Large Person Model (LPM)
NTT has also developed a method for evaluating the degree of hand and foot dexterity with a ‘simple technique’ using a smartphone sensor based on research on how the brain generates movement.
Then, using data from a large number of people, NTT clarified how dexterity changes with growth and age and how it changes when correcting a person’s left- or right-handedness. In this way, it is developing technology for quickly and conveniently evaluating hand-and-foot dexterity using a smartphone for applications like sports training checks and recovery tests in rehabilitation.
“NTT is working on the development of quantum computers. The quantum computer targeted by NTT uses optical pulses the same as in optical communications to achieve quantum states called quantum bits (qubits) that become the basis for calculations. Quantum computers that use superconducting circuits or neutral atoms must make equipment large to achieve large-scale computing. The method that we use can achieve large-scale computing without increasing equipment size as long as we have equipment that generates optical pulses,” said Kinoshita.
In the area of voice rights protection,Kinoshita explained how the company has developed “voice generation by AI”, which has recently appeared as a problem throughout the world in terms of unauthorised use of a person’s voice. An NTT exhibit presented “multilingual speech synthesis capable of judging authenticity” based on consent of the original speaker. It draws a line at voices generated without the consent and knowledge of the original speaker and establishes “trust” in combination with blockchain technology.
The IOWN roadmap
IOWN 1.0 is networking, or in other words, photonics between datacenters.
IOWN 2.0 is board-to-board photonics.
IOWN 3.0 is chip-to-chip photonics.
IOWN 4.0 is intra-chip, or die-to-die photonics.
NTT’s All-Photonics Network, or APN, will feature wider bandwidths and reduced power consumption within IOWN 1.0. Photonics-electronics convergence technology, or PEC, will evolve along with IOWN generations as second-generation, third-generation, fourth-generation, and fifth-generation PEC.
Likewise, the next-generation computing platform known as the Data Centric Infrastructure, or DCI, will evolve together with the evolution of PEC.
Gushing knowledge fountain
Next up was Shingo Kinoshita, NTT’s R&D planning master.
“We have entered an era in which all kinds of information can be quickly accessed over the Internet or through artificial intelligence (AI). However, true ‘knowledge’ cannot be so easily obtained. A place with a good, gushing fountain is hard to find and even if you can find it, it may be located on steep terrain,” wrote Kinoshita, on the NTT R&D blog pages.

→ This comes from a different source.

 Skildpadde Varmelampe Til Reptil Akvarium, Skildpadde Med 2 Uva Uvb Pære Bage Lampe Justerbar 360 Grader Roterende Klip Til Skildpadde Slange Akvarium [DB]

Kinoshita insists that good research begins with finding a fountain that is difficult to reach.
“NTT Laboratories has a history and research team supporting this quest. In other words, the object of this quest is organisational knowledge passed on from senior to junior researchers in an unbroken manner over several decades and collective knowledge arising from exchanges between researchers who have come to inherit this organisational knowledge. Over the years, NTT Laboratories has been discovering and drawing on these two fountains of knowledge to support R&D,” he added.
Towards… Jitsuyouka
NTT bases many of its R&D principles in the term Jitsuyouka (commercial development in English) in a form that promotes the final (and commercially monetisable) development of its products, but in a way that will always provide specific benefits to society.
As Kinoshita points out, “A researcher’s idea of a ‘good thing’ and society’s idea of a ‘good thing’ may no longer [or always] agree with each other.”
What we’re getting here from NTT (we hope) is technology that’s good and technology for good. Given the real world practical application of so much of what the company showcases NTT R&D Forum, it’s a story worth following.